Si el gasto fiscal absorbe las producción y el ahorro, la carga social consume el magro producto nacional hasta extinguirle, la indolencia se convierte en virtud protegida por el Estado y la religión; la miseria se enseñorea, el odio al enriquecimiento es la consigna, la intervención estatal se alienta y promueve, dando beligerancia y poder a la demagogia hasta caer en la desesperación y el caos. Fue el caso de la España Boba.

Al rico se le considera enemigo de la sociedad, blanco preferido de la política y objetivo de las conquistas sociales. Al comerciante se le tilda de permanente depredador, por el resto de la humanidad que ama la pobreza, sus servicios se denigran y desprecian, se le obliga asociarse con el Estado para corromperle.

El indigente no reconoce la necesidad que intrínsecamente le une al comercio, al necesario intercambio que la vida impone; quiéralo o no, tiene que comercializar los recursos que logra obtener, si no lo hace en beneficio propio, prefiere ser pobre para no cargar con la responsabilidad de tener bienes que cuidar y se constituye en carga social para su familia o para la sociedad.

Para quienes aman la riqueza el estigma está escrito en el Evangelio: «Ay de vosotros los ricos, pues tenéis vuestro consuelo» (Lucas 6-24). Explícita condena al esforzado que procura medrar y tácita aprobación al indolente.

Para el indigente, ser pobre constituye el más valioso tesoro que lleva en el alma y piensa que le servirá de mucho en el cielo, mientras al que trabaja y hace riqueza, sólo le espera «llanto y crujir de dientes». Eso dice el Evangelio. Precioso y loable, para el haragán que vive del plan social auspiciado por un régimen interventor y pródigo, devaluando moneda y cobrando impuestos, estorbando al que trabaja y produce, para que el indigente, sin esfuerzo, consuma y se anquilose.

El estatismo le declara guerra abierta a la producción y al ahorro de beneficios económicos, producidos con el trabajo en ejercicio de industria y práctica del comercio, la macroeconomía absorbe el producto nacional, para repartir lo que los escasos individuos laboriosos y esmerados logran producir, luchando contra impuestos, restricciones, trabas y costos oficiales; constituyéndose los productores en perseguidos del régimen y en enemigos gratuitos de los indolentes, que son la riqueza de religiosos y políticos, protegidos por el Estado.

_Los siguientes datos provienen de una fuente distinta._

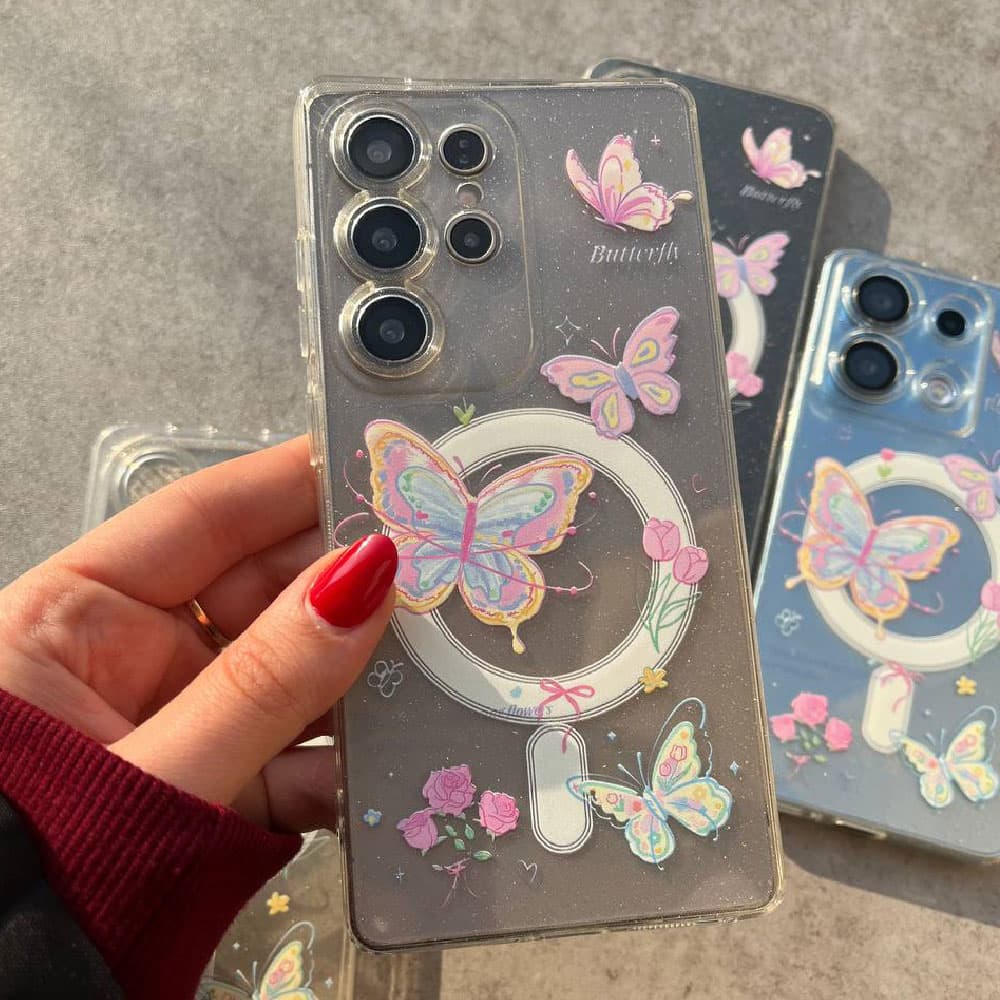 قاب شاین ژله ای طرح مگسیف Pink butterfly مناسب برای گوشی موبایل شیائومی ردمی Xiaomi Redmi Note 8 / Note 8 Pro / Note 9S / Note 9 Pro / Note 10 Pro / Note 10 Pro Max / Note 11S / Note 11 4G / Note 11 P — تصویر ۲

Nada hay más inútil y costoso que un empleado gubernamental, cuanto más trabaja más estorba: no produce nada, consume y gasta más que cualquier empleado productivo, creando obstáculos innecesarios y estableciendo rigurosas restricciones al normal desenvolvimiento de la ciudadanía. Es la indolencia arraigada en el tren oficial, su existencia se enquista en el erario e impide el desarrollo; afianza su actuación en la política, la más inútil y disociadora de las profesiones.

Obsérvese el costo del servicio de transporte urbano, compáresele con el interurbano y verá la diferencia entre un servicio político y uno privado; aún así, se propone la construcción de un metro estatal, del cual se verían furgones y vagones arrumbados al igual que autobuses de Onatrate, Omsa, etc. Compárese el funcionamiento y producción de los centrales del Estado, deficitarios y subsidiados, no se sostienen. ¿Cuáles dan beneficios a la Nación?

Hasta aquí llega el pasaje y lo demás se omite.